## What the task requires
Your task is to quote the listing below exactly, beginning with its first line and ending on the line bearing "Simple Burger Cartoon Drawing Tapestry".

## Extracted information

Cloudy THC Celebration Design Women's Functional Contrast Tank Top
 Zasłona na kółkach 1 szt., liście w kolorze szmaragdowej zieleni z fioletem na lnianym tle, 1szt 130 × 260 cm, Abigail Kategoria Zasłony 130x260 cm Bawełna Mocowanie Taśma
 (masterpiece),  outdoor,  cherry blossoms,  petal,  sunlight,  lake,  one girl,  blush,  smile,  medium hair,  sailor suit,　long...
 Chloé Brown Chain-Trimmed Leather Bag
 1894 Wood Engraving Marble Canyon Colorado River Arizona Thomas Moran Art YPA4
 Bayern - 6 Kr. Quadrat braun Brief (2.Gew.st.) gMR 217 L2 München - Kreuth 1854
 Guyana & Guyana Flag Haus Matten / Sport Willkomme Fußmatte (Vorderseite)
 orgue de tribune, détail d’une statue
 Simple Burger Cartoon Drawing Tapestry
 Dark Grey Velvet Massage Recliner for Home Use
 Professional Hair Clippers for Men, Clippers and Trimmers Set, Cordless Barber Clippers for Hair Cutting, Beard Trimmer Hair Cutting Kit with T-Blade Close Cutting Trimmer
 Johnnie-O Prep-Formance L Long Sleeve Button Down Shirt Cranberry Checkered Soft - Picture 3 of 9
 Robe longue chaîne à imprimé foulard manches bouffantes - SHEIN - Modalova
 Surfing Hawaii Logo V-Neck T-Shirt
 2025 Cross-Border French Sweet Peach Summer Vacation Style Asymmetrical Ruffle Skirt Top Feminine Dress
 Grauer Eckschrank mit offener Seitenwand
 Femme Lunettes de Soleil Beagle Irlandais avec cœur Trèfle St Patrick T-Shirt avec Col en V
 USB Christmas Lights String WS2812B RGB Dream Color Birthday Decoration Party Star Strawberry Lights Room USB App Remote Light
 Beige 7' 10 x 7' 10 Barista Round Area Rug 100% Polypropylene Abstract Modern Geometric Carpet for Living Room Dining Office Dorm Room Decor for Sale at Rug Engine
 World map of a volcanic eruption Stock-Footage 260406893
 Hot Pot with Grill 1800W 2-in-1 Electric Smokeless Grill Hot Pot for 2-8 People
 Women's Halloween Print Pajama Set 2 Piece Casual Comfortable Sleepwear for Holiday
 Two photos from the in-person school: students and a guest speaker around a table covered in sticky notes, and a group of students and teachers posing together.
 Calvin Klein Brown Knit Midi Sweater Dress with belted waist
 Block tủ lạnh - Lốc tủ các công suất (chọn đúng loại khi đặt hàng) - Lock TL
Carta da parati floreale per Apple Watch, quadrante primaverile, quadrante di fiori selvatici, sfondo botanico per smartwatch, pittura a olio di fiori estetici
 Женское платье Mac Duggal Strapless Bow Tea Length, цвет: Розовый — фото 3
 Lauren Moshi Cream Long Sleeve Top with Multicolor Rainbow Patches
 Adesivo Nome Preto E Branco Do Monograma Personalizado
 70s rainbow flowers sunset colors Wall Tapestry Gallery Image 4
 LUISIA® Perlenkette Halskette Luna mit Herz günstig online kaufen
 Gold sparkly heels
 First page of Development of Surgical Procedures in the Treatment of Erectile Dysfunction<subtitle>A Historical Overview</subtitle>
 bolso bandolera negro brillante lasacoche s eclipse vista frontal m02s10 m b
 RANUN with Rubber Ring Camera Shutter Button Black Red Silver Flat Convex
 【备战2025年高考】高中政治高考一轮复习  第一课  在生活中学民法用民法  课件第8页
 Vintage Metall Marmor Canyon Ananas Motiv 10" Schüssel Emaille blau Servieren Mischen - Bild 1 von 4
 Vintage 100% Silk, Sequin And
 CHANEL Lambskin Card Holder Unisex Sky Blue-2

## Worked solution
Cloudy THC Celebration Design Women's Functional Contrast Tank Top
 Zasłona na kółkach 1 szt., liście w kolorze szmaragdowej zieleni z fioletem na lnianym tle, 1szt 130 × 260 cm, Abigail Kategoria Zasłony 130x260 cm Bawełna Mocowanie Taśma
 (masterpiece),  outdoor,  cherry blossoms,  petal,  sunlight,  lake,  one girl,  blush,  smile,  medium hair,  sailor suit,　long...
 Chloé Brown Chain-Trimmed Leather Bag
 1894 Wood Engraving Marble Canyon Colorado River Arizona Thomas Moran Art YPA4
 Bayern - 6 Kr. Quadrat braun Brief (2.Gew.st.) gMR 217 L2 München - Kreuth 1854
 Guyana & Guyana Flag Haus Matten / Sport Willkomme Fußmatte (Vorderseite)
 orgue de tribune, détail d’une statue
 Simple Burger Cartoon Drawing Tapestry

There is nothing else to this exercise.